After gathering all of this information, it is then time to calculate the loss %

What we've gathered:

TCS: 24 cases x 43 pallets = 1,032 cases
A: [28 oz. x 12 bags = 336 oz. OR 21 lbs] 1,032 cases x 21 lbs = 21,672 lbs.
TRP: [40 boxes x 37.5 lbs = 1,500] 1,500 lbs x 15 pallets = 22,500 lbs
S: 650 lbs

Now to find the loss percentage we subtract the S from the TRP to get TwoS (Total without Salvage), subtract A from TwoS to get the loss (L) in pounds, divide by TwoS, and multiply by 100 to get the final percentage.


22,500 - 650 = 21,850
21,850 - 21,672 = 178
178 ÷ 21,850 = 0.0081464351
× 100 = 0.814%

So for me to learn this with a high school math level was well, fairly easy but it took a day or two.

But today I had a rough time, and this is where I need help.

To be brief, today we ran through 3.25 pallets of apricots (80 cases @ 28 lbs.), we packaged the fruit into 6 oz bags with 12 bags per case and 160 cases per pallet. 201 cases are shipped to vendor A, while the rest are shipped to vendor B. Due to the small weight of the bags, its difficult for the machine to produce accurate results, resulting in a loss due to overweight bags. Because of this, my lead gives me direction to manipulate the numbers so the loss percentages for both orders are in the same ballpark. Anything under 3% is considered acceptable (although sometimes there's nothing that can be done about a high percentage).

So what this means is that in reality 42 boxes were used to produce the 201 cases, but due to the fact its a small amount with overweight bags the % is around 14% (completely unacceptable). We have to bring that down to 3% by taking or removing TRP from A to B. We also have to pretend there was at least a little salvage in A's order which means pretending more TRP was used (The S from A will then be added into B's TRP).
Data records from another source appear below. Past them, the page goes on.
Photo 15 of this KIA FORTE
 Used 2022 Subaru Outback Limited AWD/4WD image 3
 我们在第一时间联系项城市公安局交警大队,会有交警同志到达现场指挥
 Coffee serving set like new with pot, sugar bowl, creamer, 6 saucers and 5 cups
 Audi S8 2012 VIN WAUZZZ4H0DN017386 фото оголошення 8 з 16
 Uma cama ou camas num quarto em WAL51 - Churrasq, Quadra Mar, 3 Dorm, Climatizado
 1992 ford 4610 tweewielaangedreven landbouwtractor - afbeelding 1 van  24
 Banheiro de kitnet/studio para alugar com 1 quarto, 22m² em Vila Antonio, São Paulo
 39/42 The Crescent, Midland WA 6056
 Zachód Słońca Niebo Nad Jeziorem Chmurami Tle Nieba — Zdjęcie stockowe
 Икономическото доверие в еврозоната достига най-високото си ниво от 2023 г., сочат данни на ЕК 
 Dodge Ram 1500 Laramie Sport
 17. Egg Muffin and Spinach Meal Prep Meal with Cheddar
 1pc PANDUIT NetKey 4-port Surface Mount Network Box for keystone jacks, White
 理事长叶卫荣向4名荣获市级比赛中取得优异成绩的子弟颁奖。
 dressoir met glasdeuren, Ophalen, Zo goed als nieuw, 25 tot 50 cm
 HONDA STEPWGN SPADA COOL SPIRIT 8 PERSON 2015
What I'm now wondering is what kind of math can be used to calculate this so I can study on my own. While this may be simple to most mathematicians, it is highly stressful for me to calculate due to the fact it's one of many tasks I am required to complete. That said I'm looking for the fastest possible process to calculate this so that I dont have to think so much and I can let the process do the work.

Anyway I hope I explained this clearly. If any clarification is needed please ask and I will reply promptly. Thank you anyone who reads and shares their thoughts.